Understanding why AVX512 is useful not only in HPC, but also for gamers in emulation, or more efficient use of executions ports is a bonus. You don't need to have published 2 dozen papers on optimizing compute architecture.

Corrections/clarifications/suggestions greatly appreciated

TLDR;

Intel had what I’d kindly describe as a “silly” moment. It resulted in a situation where, if you want to develop for their own next generation Xeons and relevant floating point extensions you need:

  • A chip that isn't supported
  • Special revisions of BIOS’s
  • Specific versions of specific motherboards
  • CPUs made before a certain date
  • Build a custom kernel using specific older, special revisions of microcode that may be vulnerable to existing undisclosed CVE.

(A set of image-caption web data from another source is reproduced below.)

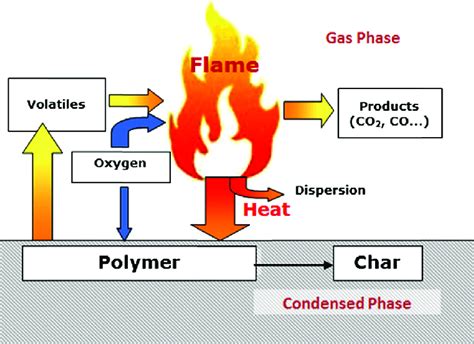 Polymer combustion cycle. | Download Scientific Diagram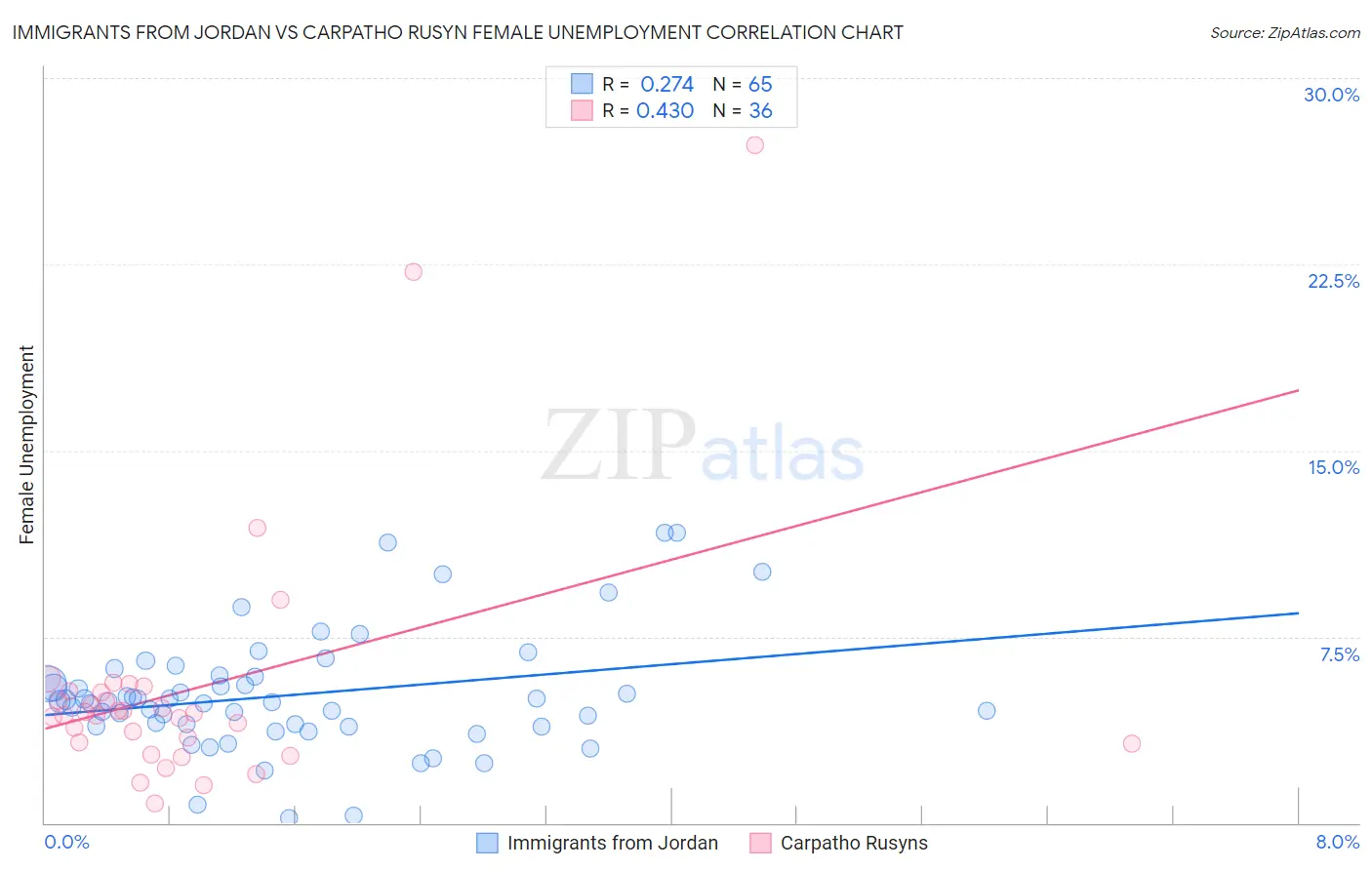 Immigrants from Jordan vs Carpatho Rusyn Female Unemployment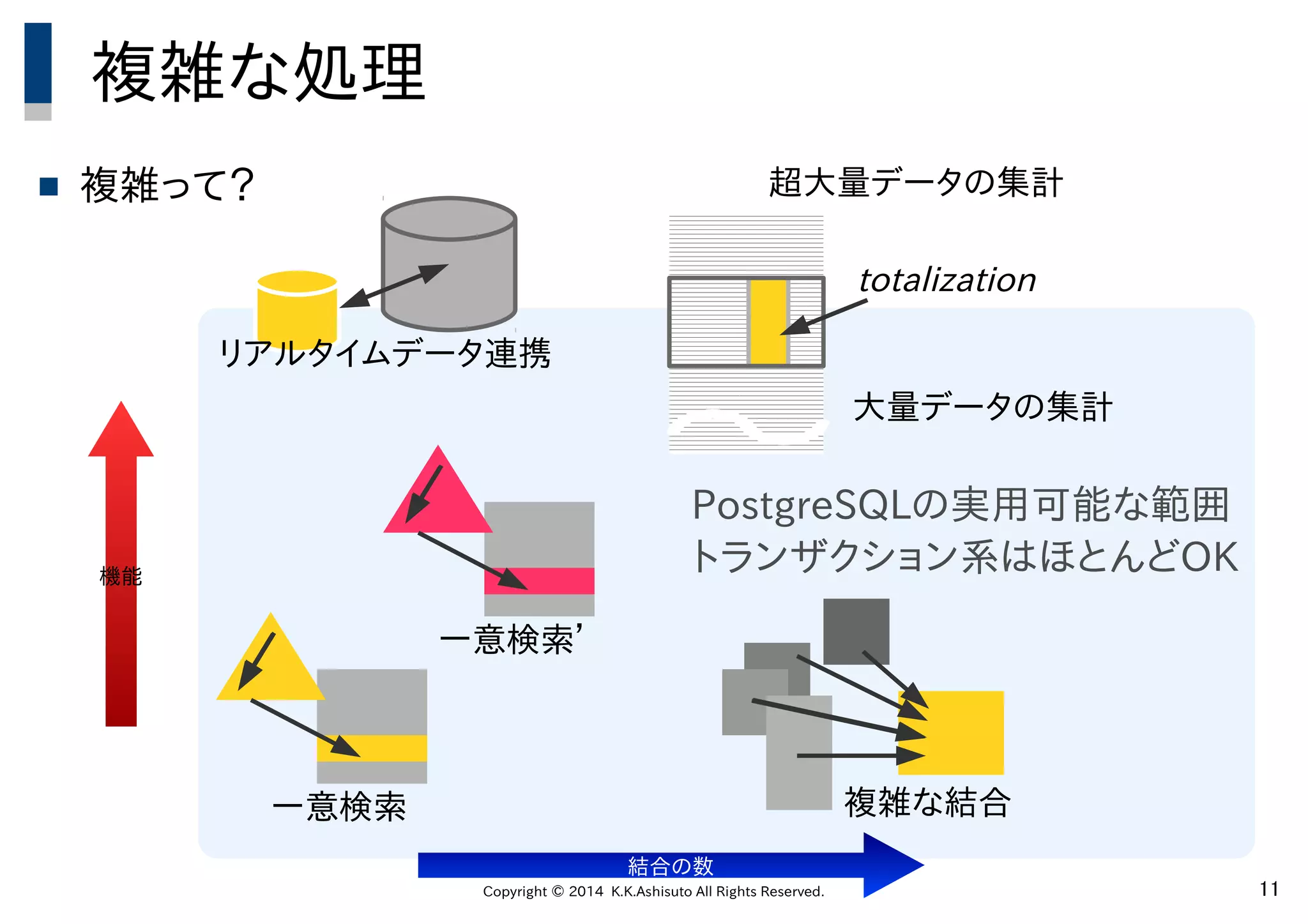 Copyright © 2014 K.K.Ashisuto All Rights Reserved. 11
PostgreSQLの実用可能な範囲
トランザクション系はほとんどOK
複雑な処理
 複雑って？
機能
複雑な結合
リアルタイムデータ連携
大量データの集計
totalization
超大量データの集計
一意検索
一意検索’
結合の数
 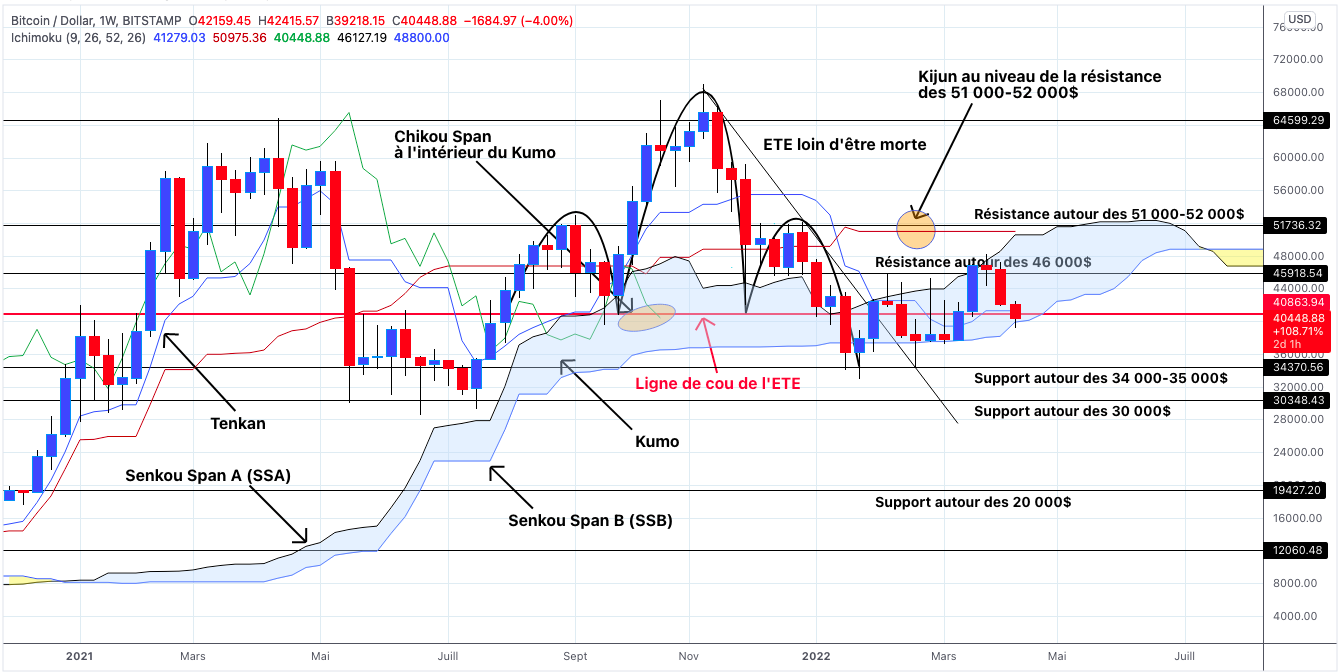 Analyse du cours du Bitcoin en unités hebdomadaires - 16 avril 2022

And you need to do all that while Intel?actively?tries to remove all of those capabilities.

Some Brief* background

Soooooo you may have heard about Intel's newest desktop chips, 12th Generation Core series, codenamed Alder Lake. The headline feature is that they're made up of both E(fficiency) cores and P(erformance) cores. The Pcores use the Golden Cove micro architecture, the same as what is slated to be used in Intel's next generation "Sapphire Rapids" Xeons. These cores support some wicked features for HPC/library devs in addition to anyone wanting fast simulations on a workstation. Namely these cores feature AVX512, and are the first x86 chip to support native IEEE-754 FP16 datatypes with 16-bit vector slices in SIMD at line rate speed. This is Huge! Especially with C/C++23 having _Float16 as a native datatype. There are some subtle differences in cache and port layout, between Alder Lake and Sapphire Rapids Golden Cove cores, but they’re so minor as to be negligible in this context.

The Ecores are fast, approximately original Sky Lake, only support up to AVX2, and forgo supporting hyper threading. They also have some really interesting designs, having 17 execution ports, but that’s a different discussion. Think of it like having 1 or 2 Skylake i5 6600k’s 4c4t CPUs bolted on to a very modern 6 to 8 core CPU, but those Skylake chips draw in the 5-50 W range.

Because the Ecores don't support AVX512, we have a problem. If you were to run a program compiled with AVX512 op codes, and the kernel were to schedule that thread/job on an ecore core, it would fault the moment it hits the unsupported opcode. The same way that trying to run AVX2 codes on an old Pentium is going to result in a?bad time. This applies to everything from CFD/AI codes, or file system memory copy codes that use AVX512 acceleration in the kernel. If those op codes were scheduled onto an ecore, it won’t be pleasant.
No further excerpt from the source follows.